Juan Sheridan

Profile
- Positions: Guard • Offensive tackle

Personal information
- Born: February 2, 1925 Havana, Cuba
- Died: October 7, 1969 (aged 44) Howick, Quebec, Canada

Career history
- 1944: St. Hyacinthe-Donnacona Navy
- 1946–1947: Toronto Indians
- 1948: Toronto Balmy Beach Beachers
- 1949–1957: Montreal Alouettes

Awards and highlights
- 2× Grey Cup champion (1944, 1949);

= Juan Sheridan =

Canadian football player (1925–1969)

Juan Sheridan (February 2, 1925 – October 7, 1969) was a Grey Cup champion Canadian Football League player.

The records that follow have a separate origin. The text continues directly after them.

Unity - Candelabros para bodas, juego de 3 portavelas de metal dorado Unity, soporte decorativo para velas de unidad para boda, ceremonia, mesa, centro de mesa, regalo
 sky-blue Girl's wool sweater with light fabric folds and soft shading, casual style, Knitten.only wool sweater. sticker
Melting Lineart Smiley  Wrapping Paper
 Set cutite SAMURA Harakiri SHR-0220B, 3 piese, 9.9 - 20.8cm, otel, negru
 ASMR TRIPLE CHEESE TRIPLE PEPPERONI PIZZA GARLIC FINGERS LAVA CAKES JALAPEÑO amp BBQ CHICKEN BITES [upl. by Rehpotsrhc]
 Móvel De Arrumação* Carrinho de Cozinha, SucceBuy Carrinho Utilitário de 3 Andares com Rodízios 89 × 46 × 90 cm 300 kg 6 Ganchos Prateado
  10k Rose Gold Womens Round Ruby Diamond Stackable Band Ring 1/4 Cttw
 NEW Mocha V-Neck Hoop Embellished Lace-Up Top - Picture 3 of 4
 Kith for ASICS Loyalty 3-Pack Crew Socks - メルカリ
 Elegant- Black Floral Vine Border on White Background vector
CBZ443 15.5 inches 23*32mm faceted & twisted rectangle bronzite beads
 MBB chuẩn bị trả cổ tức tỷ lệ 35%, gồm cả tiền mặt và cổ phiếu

Sheridan won his first Grey Cup with Montreal St. Hyacinthe-Donnacona Navy team in 1944 (when league play was suspended during World War II.) After three seasons in the Ontario Rugby Football Union with the Toronto Indians and Toronto Balmy Beach Beachers, he began a nine-year career with the Montreal Alouettes. Over the course of 105 regular season games he scored only 1 touchdown, but his football fame came as a member of the Als first Grey Cup winning team in 1949.

Sheridan spoke Russian fluently, and translated on behalf of the Soviet Union national ice hockey team on their tour of Canada in 1962.

Sheridan died of a heart attack on October 7, 1969, in Howick, Quebec, aged 44.